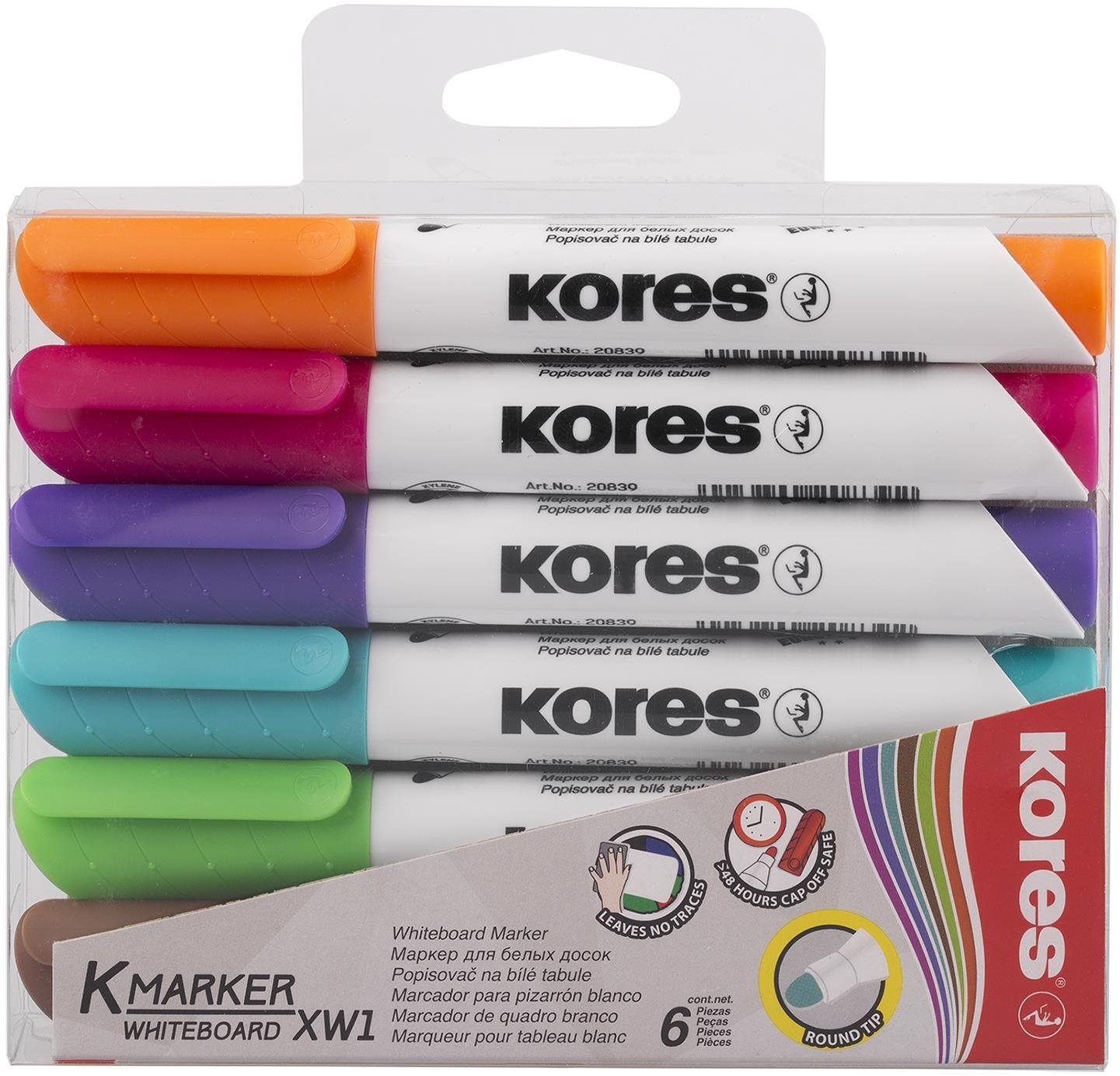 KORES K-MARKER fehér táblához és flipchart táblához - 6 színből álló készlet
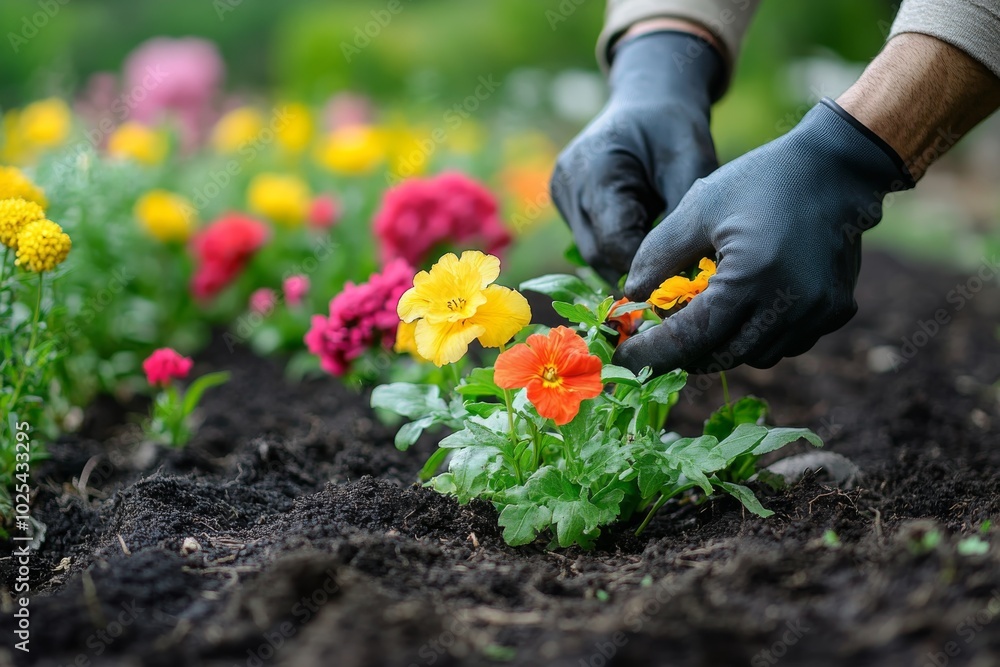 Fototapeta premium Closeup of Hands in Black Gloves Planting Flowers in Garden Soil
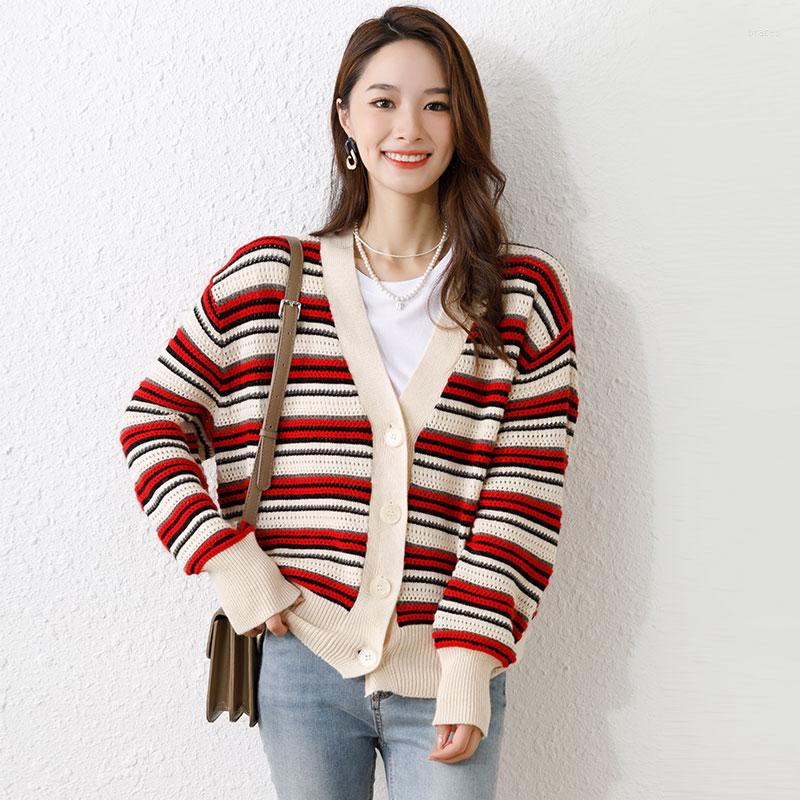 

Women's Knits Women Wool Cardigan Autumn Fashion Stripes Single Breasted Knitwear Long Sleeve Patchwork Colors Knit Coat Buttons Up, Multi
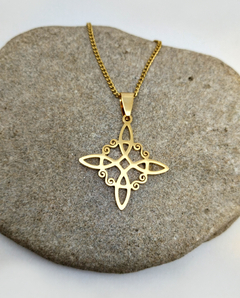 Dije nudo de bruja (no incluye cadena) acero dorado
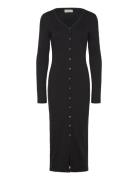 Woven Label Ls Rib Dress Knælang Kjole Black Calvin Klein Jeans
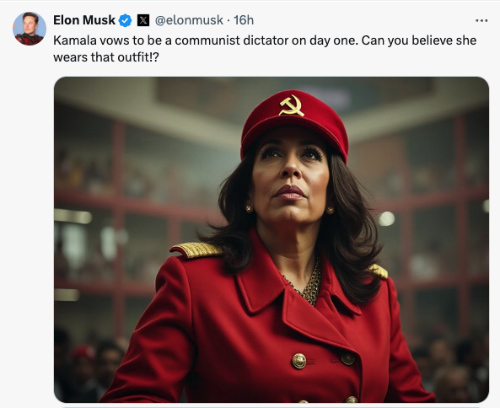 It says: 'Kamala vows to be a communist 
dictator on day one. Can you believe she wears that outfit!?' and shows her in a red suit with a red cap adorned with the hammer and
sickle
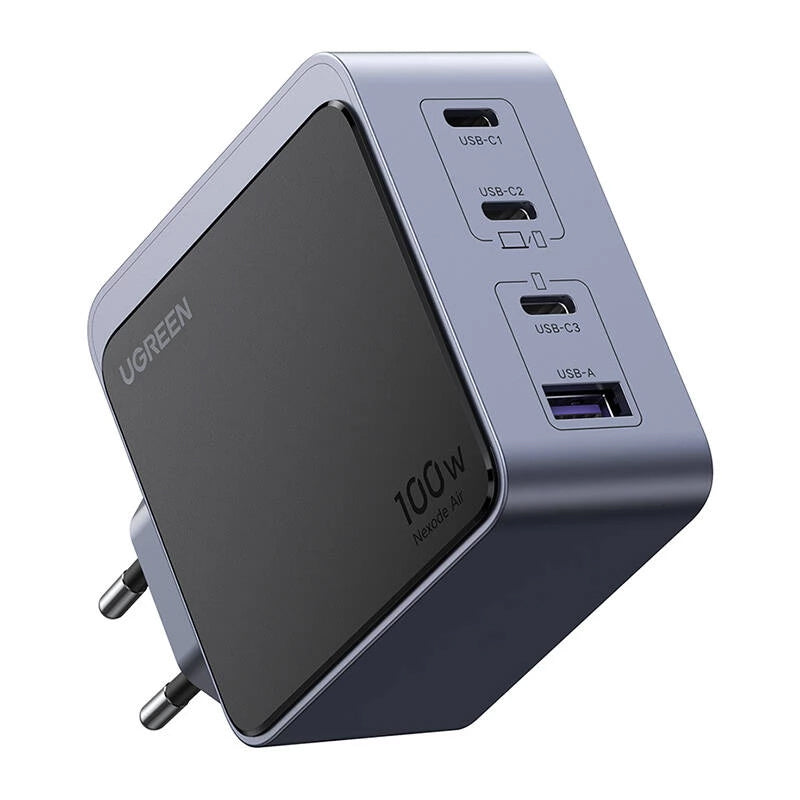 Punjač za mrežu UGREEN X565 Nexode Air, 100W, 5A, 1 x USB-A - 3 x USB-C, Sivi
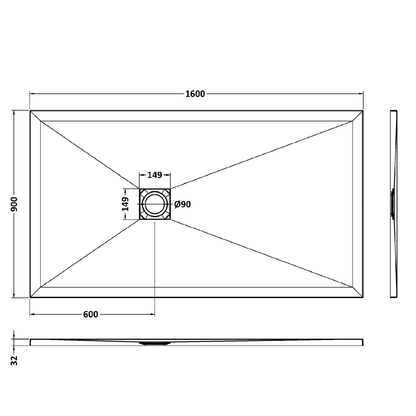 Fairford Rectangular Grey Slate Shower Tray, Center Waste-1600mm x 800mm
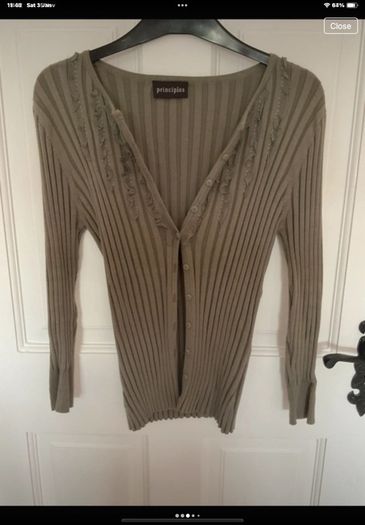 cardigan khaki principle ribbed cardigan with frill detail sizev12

---+---

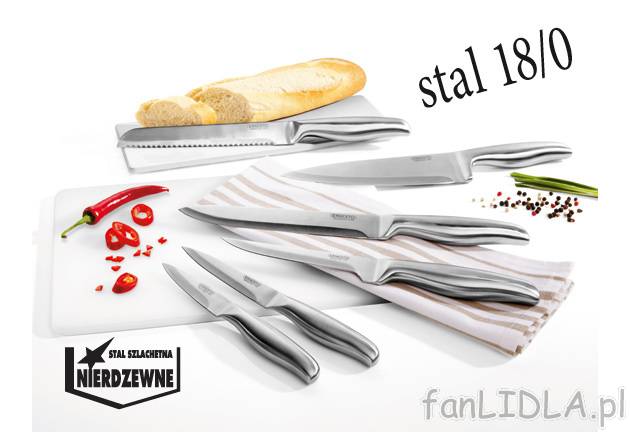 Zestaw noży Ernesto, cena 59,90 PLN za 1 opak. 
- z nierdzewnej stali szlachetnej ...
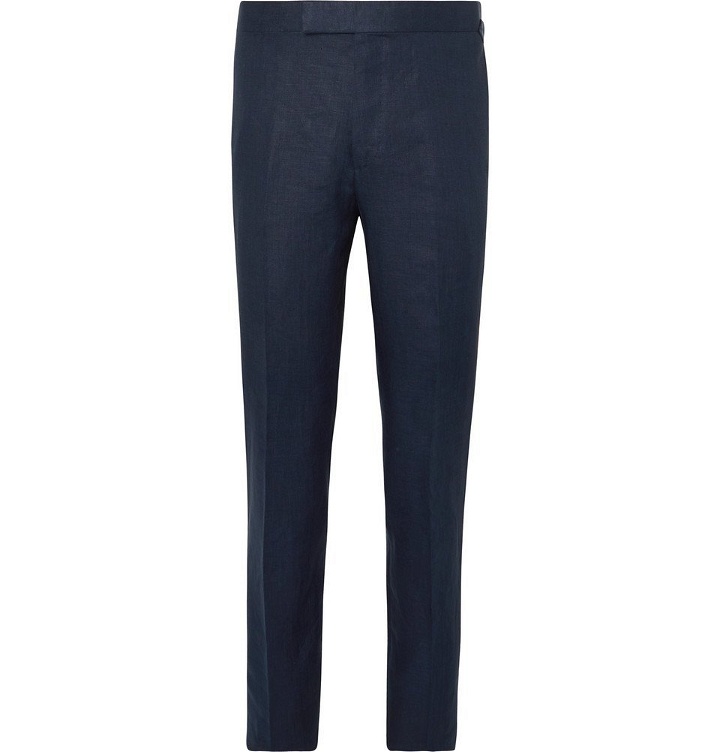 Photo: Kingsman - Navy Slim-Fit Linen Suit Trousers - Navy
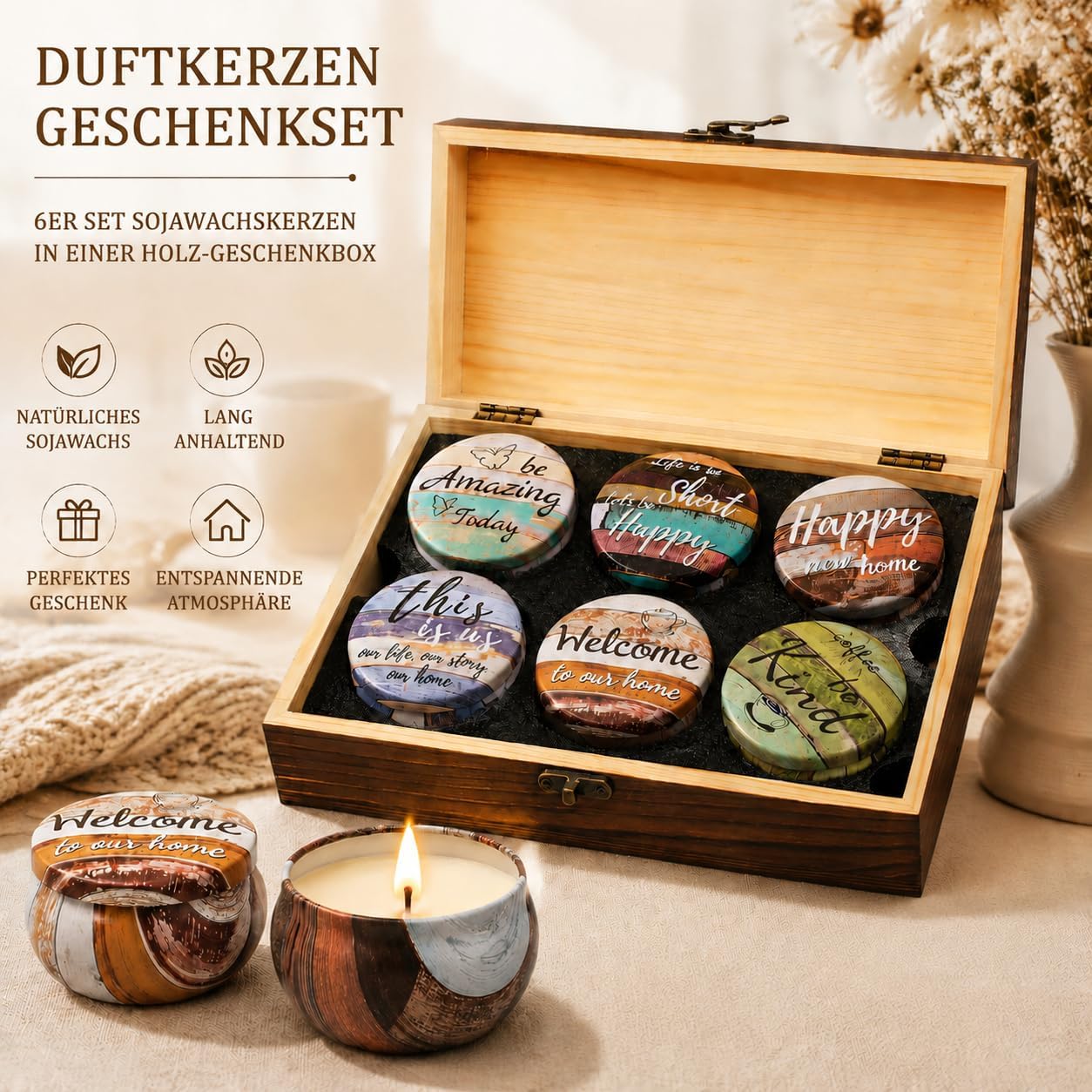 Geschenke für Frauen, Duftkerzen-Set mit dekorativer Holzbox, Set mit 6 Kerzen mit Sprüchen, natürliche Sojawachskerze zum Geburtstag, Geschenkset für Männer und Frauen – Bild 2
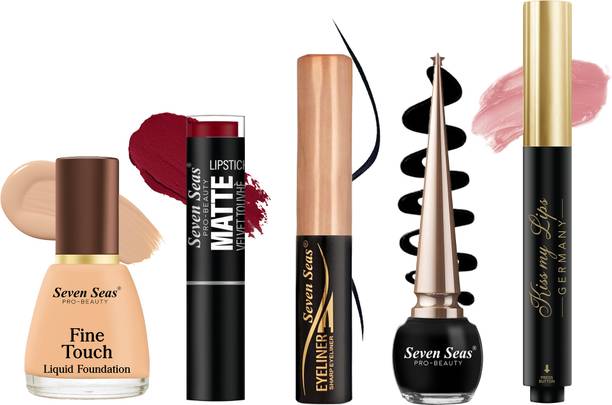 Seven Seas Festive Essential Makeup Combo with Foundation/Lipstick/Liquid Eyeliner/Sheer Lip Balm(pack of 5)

---+---

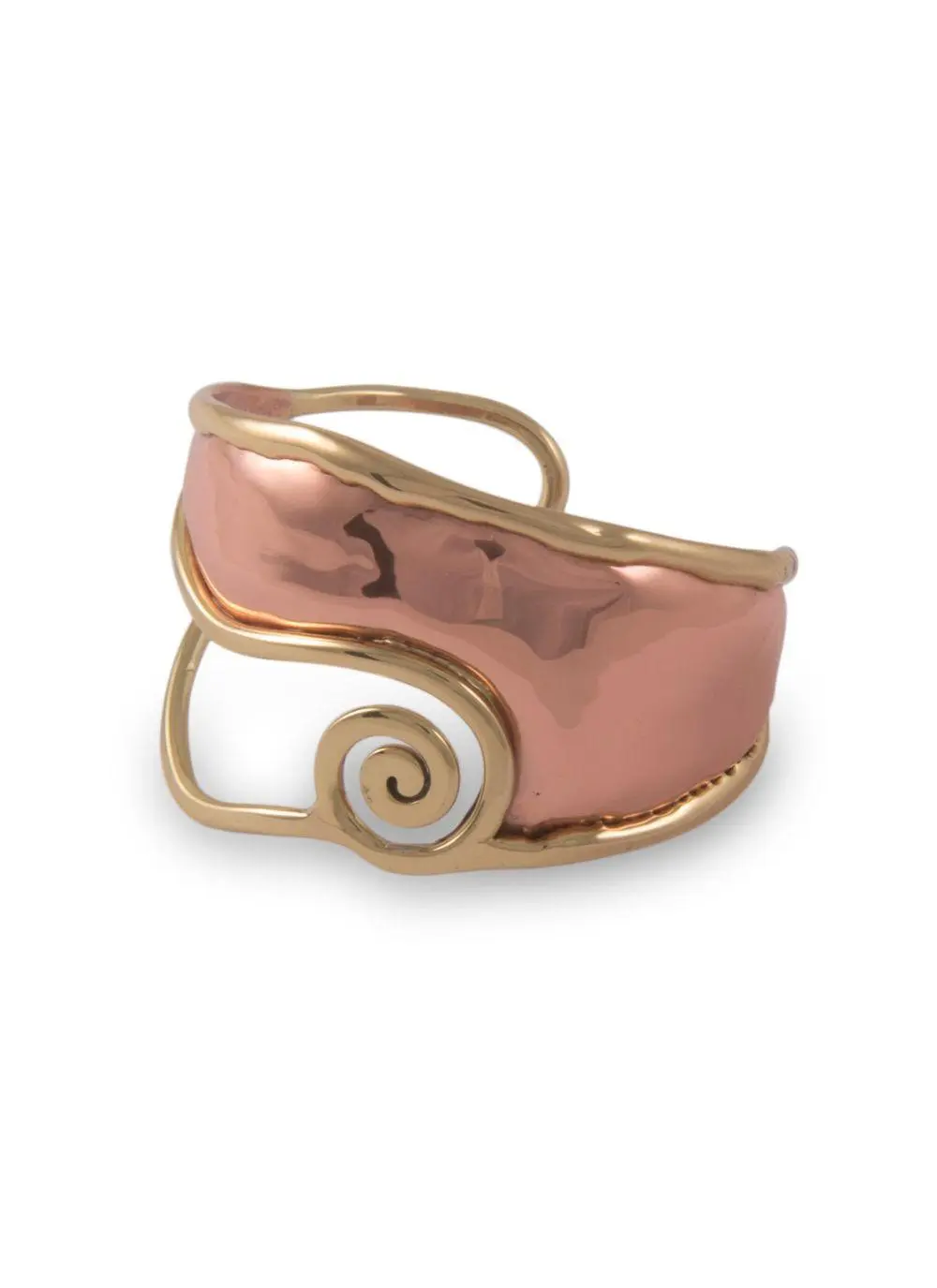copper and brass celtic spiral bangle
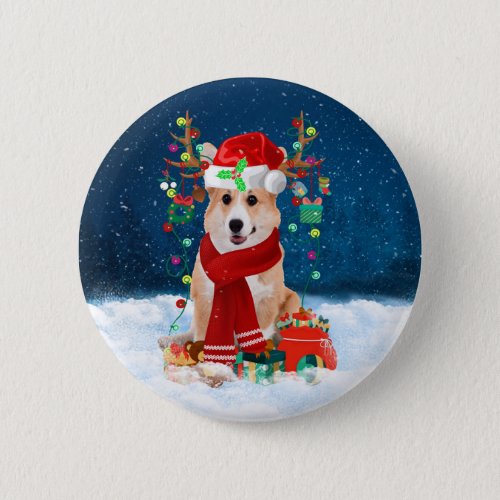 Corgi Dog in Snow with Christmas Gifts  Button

---+---

TASK ITEM - Using the data above, output the line that has "- z nierdzewnej stali szlachetnej ...", the line that has "Seven Seas Festive", and whatever lines fall between, each exactly as it stands and without pictures.

EXERCISE ANSWER -
- z nierdzewnej stali szlachetnej ...
 Photo: Kingsman - Navy Slim-Fit Linen Suit Trousers - Navy
 Geschenke für Frauen, Duftkerzen-Set mit dekorativer Holzbox, Set mit 6 Kerzen mit Sprüchen, natürliche Sojawachskerze zum Geburtstag, Geschenkset für Männer und Frauen – Bild 2
 Seven Seas Festive Essential Makeup Combo with Foundation/Lipstick/Liquid Eyeliner/Sheer Lip Balm(pack of 5)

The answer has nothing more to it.